2 min read
“The stock market is the only market where things go on sale and all the customers run out of the store.”
I own several shares of VTI, the Vanguard Total Stock Market ETF. Today on July 9th, 2018, the price of VTI is a little over $142 per share. If I hit the ‘sell’ button in my brokerage account, I would receive $142 in cash.
Exactly one year ago on July 9th, 2017, the price for one share of VTI was a little over $124. That means the market is willing to pay me $18 more today compared to one year ago for the exact same share.
And tomorrow the market will give me a new price it is willing to pay. It could be higher or lower than today. And it will continue to do this each day, offering me a new price, asking if I would like to sell my shares.
This brings up a simple question: Why don’t I sell my shares today? Why don’t I let the market give me $142 in cash for the same share that it was only willing to pay me $124 for a year ago?
The answer is that I don’t need the cash today. Right now I earn an active income that helps me pay the bills. I don’t need to convert my stock ownership into cash to pay for anything.
But wouldn’t it still be smart to sell my shares since they have risen in price so much in one year? After all, it’s possible that the market could offer me less money per share a few months from now. Shouldn’t I take advantage of the fact that I can sell for such a high price right now?

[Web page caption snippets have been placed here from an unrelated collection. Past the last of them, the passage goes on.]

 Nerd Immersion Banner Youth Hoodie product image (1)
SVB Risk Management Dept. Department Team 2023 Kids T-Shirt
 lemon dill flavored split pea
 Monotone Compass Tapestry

In theory, it’s a great idea to sell at a high price. Then, when the the market offers me a lower price in the future, I could buy more shares at cheaper prices. I could just keep doing this over and over, buying shares at low prices and selling them back to the market at higher prices.

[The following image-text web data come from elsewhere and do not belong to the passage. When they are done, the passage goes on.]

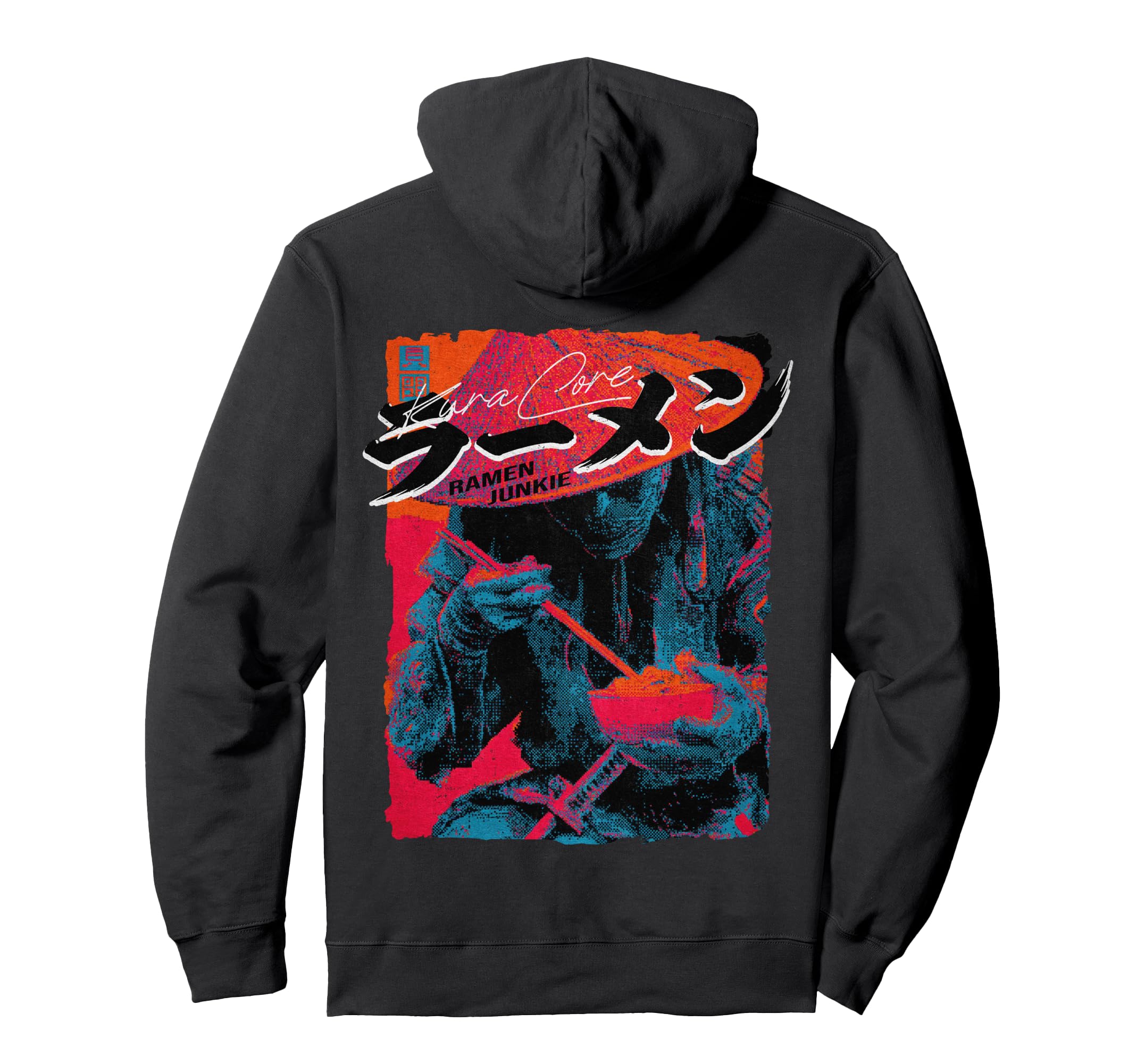 Ramen Back Japanese Streetwear Y2K Hoodie - Graphic Print for Adults - T-Shirt, Sweatshirt, Hoodie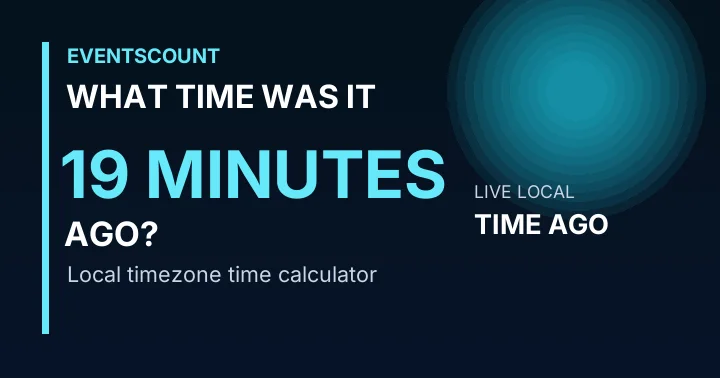 What Time Was It 19 Minutes Ago?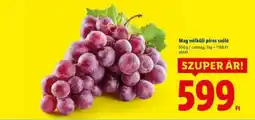 Lidl Mag nélküli piros szőlő ajánlat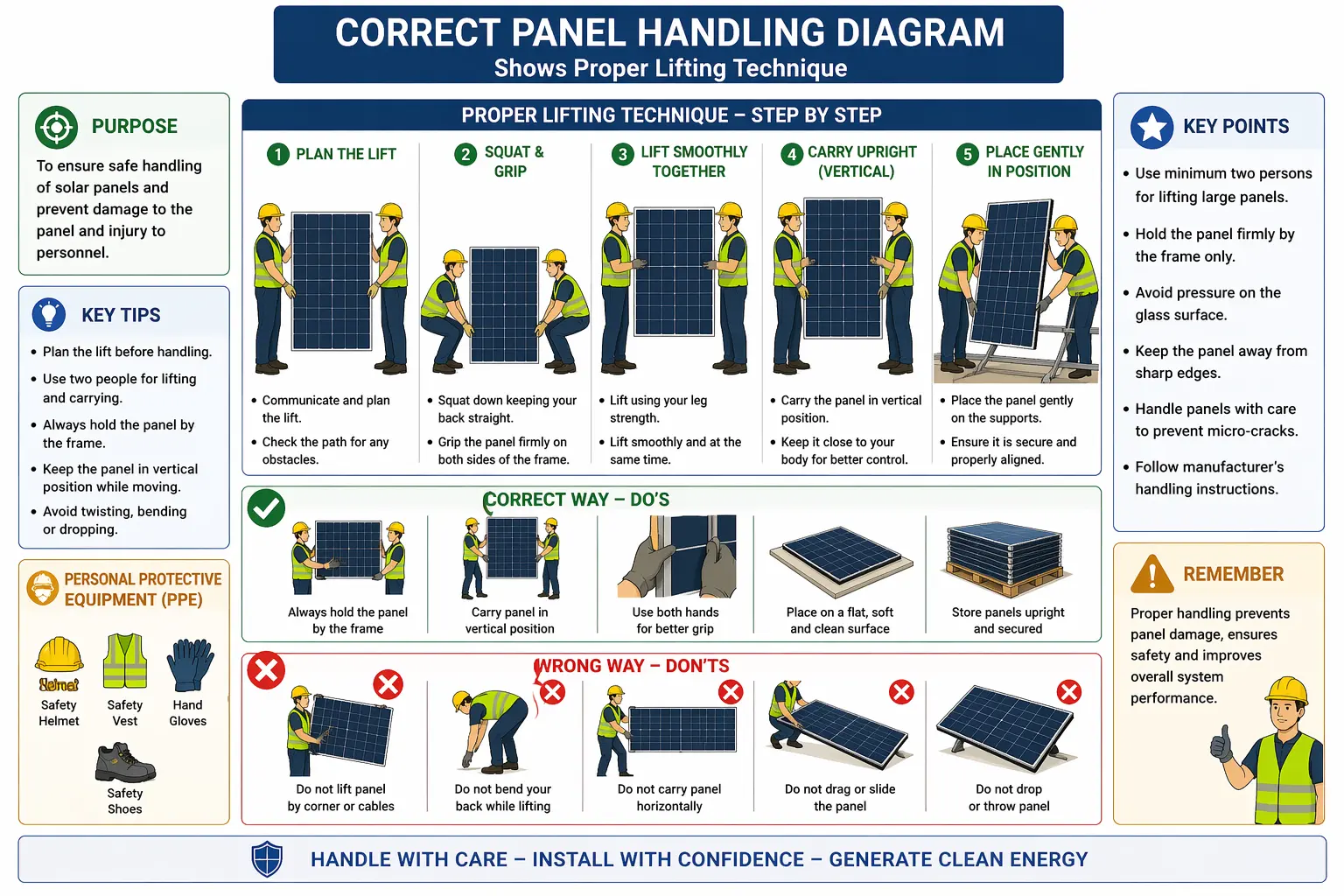 Solar Panel Unpacking Guide: Do’s and Dont’s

This is a wonderful strategy. The only problem is, it’s impossible to implement because nobody can possibly know how high or how low prices can actually go.
A perfect example of this is when stock market prices flattened out in 2015:
The market kept offering prices of around $108 for one share of VTI.

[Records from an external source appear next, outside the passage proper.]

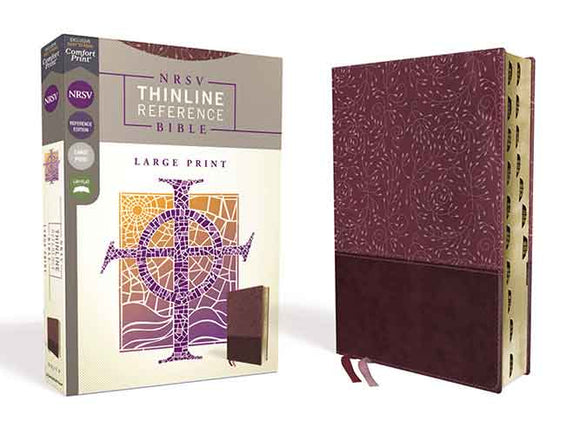 NRSV Thinline Reference Bible [Indexed, Large Print, Burgundy]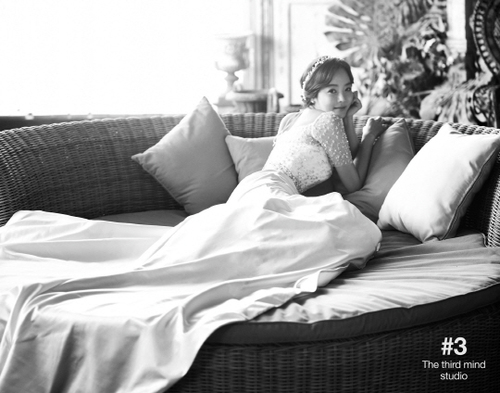 Actress Chae Rim Weds Chinese Actor Gao Zi Qi in China, Korean Wedding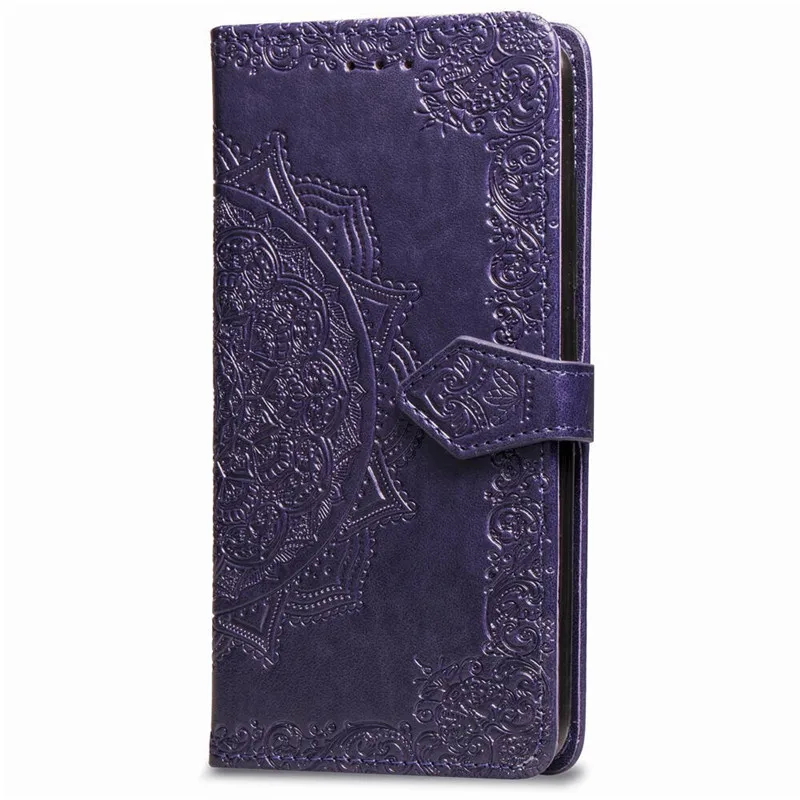 1Purple Кожаный чехол-бумажник для zte Blade V7 Lite V6 Max D6 X7 Z7 Z9 Mini M2 Lite V9 V10 Vita цветочный флип-чехол - Цвет: 1Purple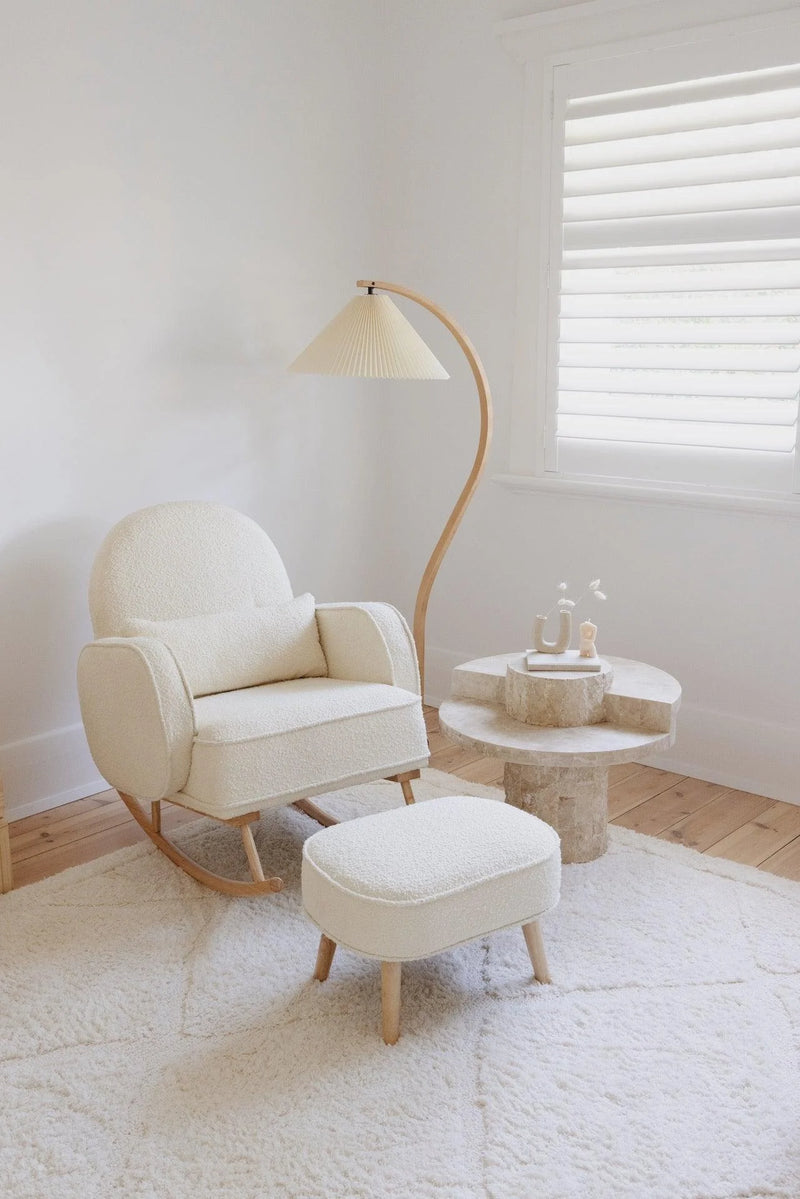 Nuage Pleated Floor Lamp, Natural Shade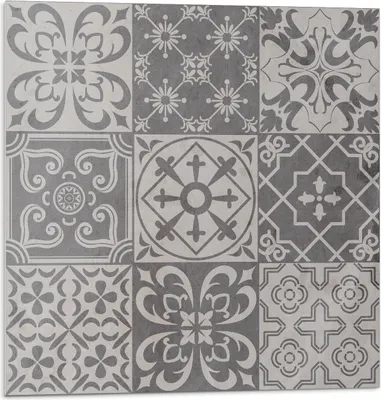 Produktbild von Fliesenmuster Im 3X3-Layout – Selbstklebend – Wandverkleidung – Wandpaneel – Wanddeko – Dekorative Wandpaneele – 3D Wandpaneele – Wandgestaltung selbstklebend – 4 Stück 50 x 50 cm
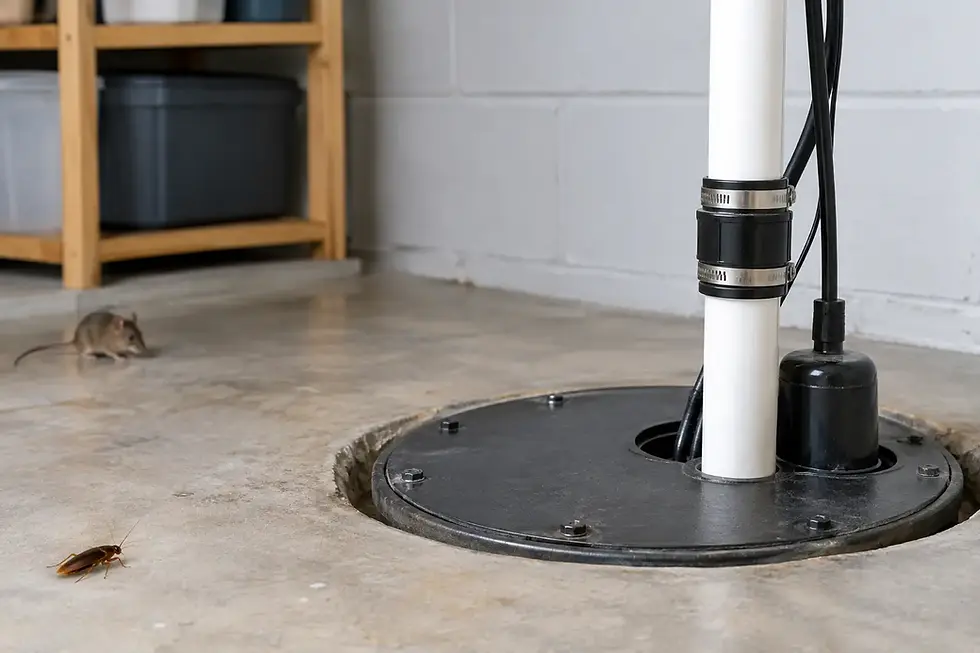 Why a Sump Pump Prevents Pest Problems Indoors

At the time, many people thought that prices could go no higher. This would have been a great time to sell, right?
As it turns out, anyone who sold would have had to painstakingly watch prices soar another 40% over the next three years.
The market is tricky like that. It’s hard to time.
But when you view the market as a machine that simply offers you different prices for your shares each day, it becomes a little easier to make smarter investment decisions. In particular, here are a few investing heuristics to follow:
The simplest way to avoid buying all your shares at the highest prices is to buy a little bit each month. This is known as dollar-cost averaging.
The worst time to sell your shares is when the market begins to offer lower and lower prices.
Over the long haul, the stock market tends to offer you higher and higher prices for your shares. Keep in mind that attempting to time the point at which prices are highest is nearly impossible.
If you fear that you may need to sell stocks to pay for bills, that money probably shouldn’t be invested in the market in the first place.